This blog post has been adapted from an article that will appear in an early 2017 special issue of Revista Indice dedicated to research and development in statistics. The journal is edited by the Autonomous University of Madrid in collaboration with the National Institute of Statistics of Spain.
At first sight the difference between planets outside our solar system (exoplanets from now on) and fashion trends seems enormous, but all of us math lovers know that entirely different phenomena can have an almost identical mathematical description. In this very peculiar case, exoplanetary systems and certain fashion trends can be characterized as having a periodic nature, with certain magnitudes repeating cyclically, and this will allow us to use very similar techniques to study them.
Hunting exoplanets using the transit technique
During the last two decades, scientists from all over the world have discovered thousands of planets outside our solar system. The transit technique is the most successful one used to find them, and it is based on detecting a temporary drop in the measured brightness of a star during an eclipse (the so called transits). During a transit, the planet blocks part of the star’s surface because it passes in front of it from our point of view, generating the described drop (check out this video with more a detailed explanation, with yours truly as a supporting actor).
This technique exploits the fact that the planet’s orbit has an associated temporal scale (the orbital period \(P\)), such that the planet passes in front of the star every P days.

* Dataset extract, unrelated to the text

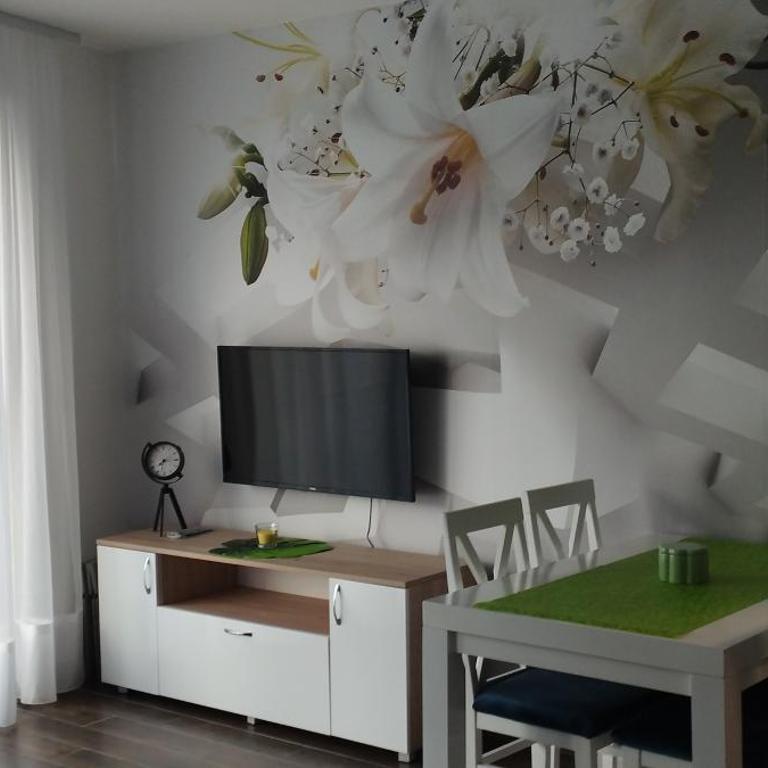 CENTAR CEPERKOVIC - Apartman sa 1 Spavaćom Sobom - 7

Seeing a planet transit its host star several times at the right times gives credibility to the planet’s discovery, and most of the algorithms used to detect these signals take advantage of this periodicity. The shape of the signal depends on the relative size between the planet and the star, and also on the orbital velocity and orientation with respect to the equator of the star.
The connection with the world of fashion
A large number of industries are currently being disrupted by companies that have been capable of obtaining and studying large amounts of data generated by their clients. If you read this blog frequently, you are probably aware that Stitch Fix is a data driven personalized e-commerce company, that uses a humans-in-the-loop data driven approach to optimize our clients’ experiences. This focus on personalization requires a deep understanding of our clients’ preferences.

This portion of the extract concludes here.